Ali Mohaqiq Nasab, Haqooq-i-Zan

IMPRISONED

Kabul’s primary court convicted Nasab on blasphemy charges on October 22, and sentenced him to a two-year jail term. Police arrested the editor of a women’s rights’ magazine in Kabul after local religious leaders accused him of publishing anti-Islamic articles.

The High Court ordered the arrest of Ali Mohaqiq Nasab, editor of the monthly Haqooq-i-Zan (Women’s Rights), after articles published in the magazine were deemed “un-Islamic” and “insulting to Islam” by local clerics, the Afghan Independent Journalists Association (AIJA) and the Committee to Protect Afghan Journalists reported. An AIJA representative met with Nasab this morning in Kabul’s Central Jail, and the editor denied publishing anti-Islamic material.
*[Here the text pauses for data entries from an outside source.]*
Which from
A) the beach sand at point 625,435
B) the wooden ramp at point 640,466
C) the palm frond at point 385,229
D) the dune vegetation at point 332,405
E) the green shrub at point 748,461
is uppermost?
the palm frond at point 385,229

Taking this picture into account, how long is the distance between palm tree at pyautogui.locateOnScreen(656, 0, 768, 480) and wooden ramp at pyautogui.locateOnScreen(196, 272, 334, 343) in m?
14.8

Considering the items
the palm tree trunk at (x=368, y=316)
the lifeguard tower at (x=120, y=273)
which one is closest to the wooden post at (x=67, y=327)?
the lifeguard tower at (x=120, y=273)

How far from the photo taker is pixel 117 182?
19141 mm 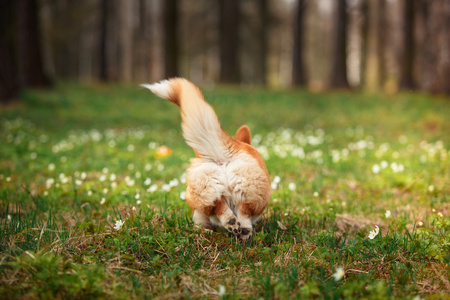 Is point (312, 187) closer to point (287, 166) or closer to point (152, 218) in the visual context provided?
point (287, 166)

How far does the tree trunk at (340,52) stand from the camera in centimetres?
1778

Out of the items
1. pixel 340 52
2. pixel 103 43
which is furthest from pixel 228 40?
pixel 103 43

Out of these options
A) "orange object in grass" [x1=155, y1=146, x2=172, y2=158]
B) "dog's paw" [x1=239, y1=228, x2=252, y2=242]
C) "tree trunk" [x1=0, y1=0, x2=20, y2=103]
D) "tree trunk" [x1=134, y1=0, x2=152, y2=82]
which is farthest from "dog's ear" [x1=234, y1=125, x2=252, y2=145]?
"tree trunk" [x1=134, y1=0, x2=152, y2=82]

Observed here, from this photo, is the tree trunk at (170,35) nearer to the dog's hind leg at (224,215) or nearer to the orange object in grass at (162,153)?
the orange object in grass at (162,153)

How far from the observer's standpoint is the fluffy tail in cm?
291

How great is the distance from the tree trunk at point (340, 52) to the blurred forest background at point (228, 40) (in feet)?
0.16

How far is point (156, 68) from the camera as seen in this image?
22.5 m

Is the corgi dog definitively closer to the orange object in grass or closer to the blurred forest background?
the orange object in grass

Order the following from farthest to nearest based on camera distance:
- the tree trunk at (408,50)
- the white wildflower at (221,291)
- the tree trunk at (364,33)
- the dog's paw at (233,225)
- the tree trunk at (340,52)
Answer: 1. the tree trunk at (364,33)
2. the tree trunk at (408,50)
3. the tree trunk at (340,52)
4. the dog's paw at (233,225)
5. the white wildflower at (221,291)

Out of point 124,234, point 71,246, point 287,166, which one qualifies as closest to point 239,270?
point 124,234

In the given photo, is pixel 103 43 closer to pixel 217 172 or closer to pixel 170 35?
pixel 170 35

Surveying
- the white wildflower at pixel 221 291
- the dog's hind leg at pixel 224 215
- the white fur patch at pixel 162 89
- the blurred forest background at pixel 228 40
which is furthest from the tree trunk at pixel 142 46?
the white wildflower at pixel 221 291

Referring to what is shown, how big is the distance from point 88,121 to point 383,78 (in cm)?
2666

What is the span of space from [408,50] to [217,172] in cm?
1893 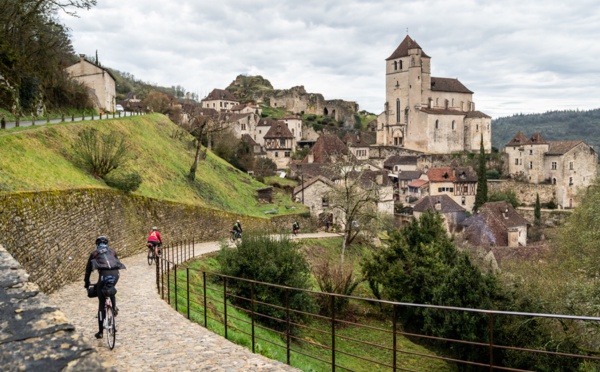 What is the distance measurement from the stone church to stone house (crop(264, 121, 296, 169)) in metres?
21.5

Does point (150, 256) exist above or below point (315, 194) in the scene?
below

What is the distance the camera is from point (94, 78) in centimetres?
4681

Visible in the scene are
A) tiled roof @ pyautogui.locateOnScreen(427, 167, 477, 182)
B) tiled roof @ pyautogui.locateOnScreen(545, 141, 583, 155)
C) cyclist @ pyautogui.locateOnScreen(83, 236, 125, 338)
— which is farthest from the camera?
tiled roof @ pyautogui.locateOnScreen(545, 141, 583, 155)

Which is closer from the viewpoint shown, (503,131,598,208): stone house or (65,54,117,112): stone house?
(65,54,117,112): stone house

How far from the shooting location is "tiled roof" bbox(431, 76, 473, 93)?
94.4 metres

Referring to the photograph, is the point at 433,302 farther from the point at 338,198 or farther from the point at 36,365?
the point at 36,365

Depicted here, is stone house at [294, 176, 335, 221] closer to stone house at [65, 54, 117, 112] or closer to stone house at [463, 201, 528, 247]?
stone house at [463, 201, 528, 247]

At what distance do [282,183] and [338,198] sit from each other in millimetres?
26909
A member of the Kabul court, Zmarai Amiri, confirmed to the Pajhwok Afghan News wire service that Nasab was jailed for publishing anti-Islamic articles, which he said is prohibited under Afghanistan’s press law. Amiri did not specify which articles in the magazine were alleged to be anti-Islamic.

A cleric from the outskirts of Kabul filed a police complaint against the magazine three months ago, saying it published material “against Islamic teachings,” Pajhwok Afghan News reported.

President Hamid Karzai signed a revised media law in March 2004 that carried over an existing ban on content deemed “insulting” to Islam. Criminal penalties for press offenses were left vaguely worded, leaving open the possibility of punishment in accordance with the conservative Shariah law. When the law was signed, government officials said that journalists could only be detained with the approval of a 17- member commission of government officials and journalists.

In a report shown on Afghan state television after the verdict, Nasab rejected the conviction: “I do not accept the verdict by the court. It is a forced and illegal court.” He planned to appeal the conviction. Nasab was being held in Kabul’s central jail where he is under threat from other inmates because of the nature of the charges against him.